This requirement for detailed remuneration information must be included in the employment contract itself or in a separate written document provided to the employee within the stipulated timeframe (seven days for basic elements, one month for full details). The objective is to ensure that each worker has a complete and transparent understanding of their individual compensation package from the outset of their employment, eliminating ambiguity and potential disputes. While this directive does not compel employers to publish salary ranges for job postings or conduct gender pay gap audits—which are more specifically addressed by other EU legislation like Directive (EU) 2023/970 on pay transparency—it lays a foundational layer of individual pay transparency. By requiring a clear breakdown of all remuneration components, it enables workers to better understand their earnings and potentially identify discrepancies, thereby indirectly supporting principles of fair and equal pay.
For workers whose work patterns are entirely or mostly unpredictable, the directive also requires information on the remuneration for work performed, including any guaranteed minimum pay. This ensures that even in flexible work arrangements, such as on-demand or intermittent work, workers have clarity regarding their earnings. The Luxembourgish implementing law reinforces these obligations, making it imperative for employers to update their contractual documentation and internal payroll communication processes to reflect these expanded information requirements concerning remuneration. Failure to provide this detailed information can lead to significant penalties, underscoring the importance of compliance with these transparency provisions. The emphasis remains on individual transparency, empowering workers with knowledge about their own pay structure, which is a critical step towards fostering a more equitable and informed labor market.
Reporting & Audit Obligations
Directive (EU) 2019/1152 does not impose direct reporting or audit obligations on employers in the sense of requiring them to submit regular reports on pay gaps or conduct mandatory pay equity audits to governmental bodies. Its focus is primarily on enhancing transparency and predictability of individual working conditions through direct information provision to workers. However, the directive does place significant obligations on Member States to ensure effective enforcement and monitoring of its provisions. This includes establishing mechanisms for workers to seek redress if their rights are violated and ensuring that national authorities can effectively oversee compliance, which indirectly involves a form of oversight and potential "audit" by enforcement bodies.
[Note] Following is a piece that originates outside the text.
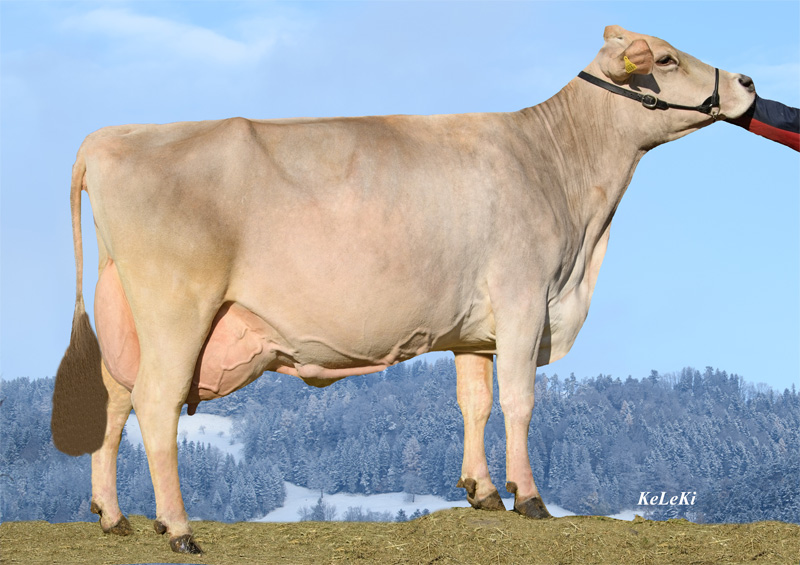 Granddam: <br />Rubiusa EX-91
In Luxembourg, the transposition of the directive means that while employers are not required to conduct proactive pay equity audits or submit pay gap reports under this specific law, they are subject to inspections and oversight by the Inspection du Travail et des Mines (ITM). The ITM is the primary body responsible for ensuring adherence to labor laws, including the provisions derived from this directive. Employers must be able to demonstrate that they have provided all the mandatory information to their employees as required by the amended Labour Code. This includes maintaining updated employment contracts, providing written statements of working conditions, and, upon request from an employee, furnishing a document conforming to the new provisions within a specified timeframe (e.g., two months for existing contracts). The ITM's inspections can involve reviewing these documents and interviewing employees to verify compliance.
Furthermore, the directive encourages Member States to collect data on the application of the directive to monitor its effectiveness. While this is not a direct employer reporting obligation, it implies that national authorities like the ITM may gather information during their inspections, through complaint statistics, or via other means to assess the overall implementation and impact of the new rules on working conditions. This data collection can inform future policy decisions and evaluations by both national governments and the European Commission. The emphasis is on ensuring that the rights granted to workers are effectively realized and that employers are held accountable for their information obligations, rather than on a system of proactive, regular reporting on pay metrics to external bodies, which is a distinction from other EU pay transparency legislation.
Governance & Enforcement Bodies
In Luxembourg, the primary governance and enforcement body responsible for overseeing the implementation and adherence to the provisions derived from Directive (EU) 2019/1152 is the Inspection du Travail et des Mines (ITM), or the Labour and Mines Inspectorate. The ITM is a central administrative body with a broad mandate to inspect working conditions, labor relations, and occupational health and safety across all sectors in Luxembourg. Its mission includes preventing and resolving labor disputes that do not fall under the National Conciliation Office's jurisdiction, making it the first point of contact for many employment-related issues. The ITM plays a critical role in ensuring that employers comply with the expanded information obligations and the new minimum rights granted to workers under the amended Labour Code, acting as both an advisory body and an enforcement authority.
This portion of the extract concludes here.